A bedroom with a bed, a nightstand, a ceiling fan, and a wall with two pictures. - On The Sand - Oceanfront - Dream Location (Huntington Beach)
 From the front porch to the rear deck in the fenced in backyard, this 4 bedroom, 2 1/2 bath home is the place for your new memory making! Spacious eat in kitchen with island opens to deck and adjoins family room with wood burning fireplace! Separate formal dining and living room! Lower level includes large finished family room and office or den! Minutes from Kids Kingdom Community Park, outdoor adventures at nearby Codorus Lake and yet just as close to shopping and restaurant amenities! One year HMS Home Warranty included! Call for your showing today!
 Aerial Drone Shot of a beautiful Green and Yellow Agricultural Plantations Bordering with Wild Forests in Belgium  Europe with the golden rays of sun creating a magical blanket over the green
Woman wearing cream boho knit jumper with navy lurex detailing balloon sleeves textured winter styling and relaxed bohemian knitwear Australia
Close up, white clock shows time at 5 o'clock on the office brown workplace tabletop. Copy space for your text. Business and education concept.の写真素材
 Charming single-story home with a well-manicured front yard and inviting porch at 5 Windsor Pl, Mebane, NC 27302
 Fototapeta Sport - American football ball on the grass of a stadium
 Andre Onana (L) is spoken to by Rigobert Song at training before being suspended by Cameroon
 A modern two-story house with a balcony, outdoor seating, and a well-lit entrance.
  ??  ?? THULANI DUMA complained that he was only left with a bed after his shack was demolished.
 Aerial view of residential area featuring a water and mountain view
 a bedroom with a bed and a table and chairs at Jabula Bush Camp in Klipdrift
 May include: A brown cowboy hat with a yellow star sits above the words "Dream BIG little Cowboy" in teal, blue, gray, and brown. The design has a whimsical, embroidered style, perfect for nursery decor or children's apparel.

###

• _ACTIVITY_
Line by line, reproduce the material exactly.

• _WRITTEN ANSWER_
A bedroom with a bed, a nightstand, a ceiling fan, and a wall with two pictures. - On The Sand - Oceanfront - Dream Location (Huntington Beach)
 From the front porch to the rear deck in the fenced in backyard, this 4 bedroom, 2 1/2 bath home is the place for your new memory making! Spacious eat in kitchen with island opens to deck and adjoins family room with wood burning fireplace! Separate formal dining and living room! Lower level includes large finished family room and office or den! Minutes from Kids Kingdom Community Park, outdoor adventures at nearby Codorus Lake and yet just as close to shopping and restaurant amenities! One year HMS Home Warranty included! Call for your showing today!
 Aerial Drone Shot of a beautiful Green and Yellow Agricultural Plantations Bordering with Wild Forests in Belgium  Europe with the golden rays of sun creating a magical blanket over the green
Woman wearing cream boho knit jumper with navy lurex detailing balloon sleeves textured winter styling and relaxed bohemian knitwear Australia
Close up, white clock shows time at 5 o'clock on the office brown workplace tabletop. Copy space for your text. Business and education concept.の写真素材
 Charming single-story home with a well-manicured front yard and inviting porch at 5 Windsor Pl, Mebane, NC 27302
 Fototapeta Sport - American football ball on the grass of a stadium
 Andre Onana (L) is spoken to by Rigobert Song at training before being suspended by Cameroon
 A modern two-story house with a balcony, outdoor seating, and a well-lit entrance.
  ??  ?? THULANI DUMA complained that he was only left with a bed after his shack was demolished.
 Aerial view of residential area featuring a water and mountain view
 a bedroom with a bed and a table and chairs at Jabula Bush Camp in Klipdrift
 May include: A brown cowboy hat with a yellow star sits above the words "Dream BIG little Cowboy" in teal, blue, gray, and brown. The design has a whimsical, embroidered style, perfect for nursery decor or children's apparel.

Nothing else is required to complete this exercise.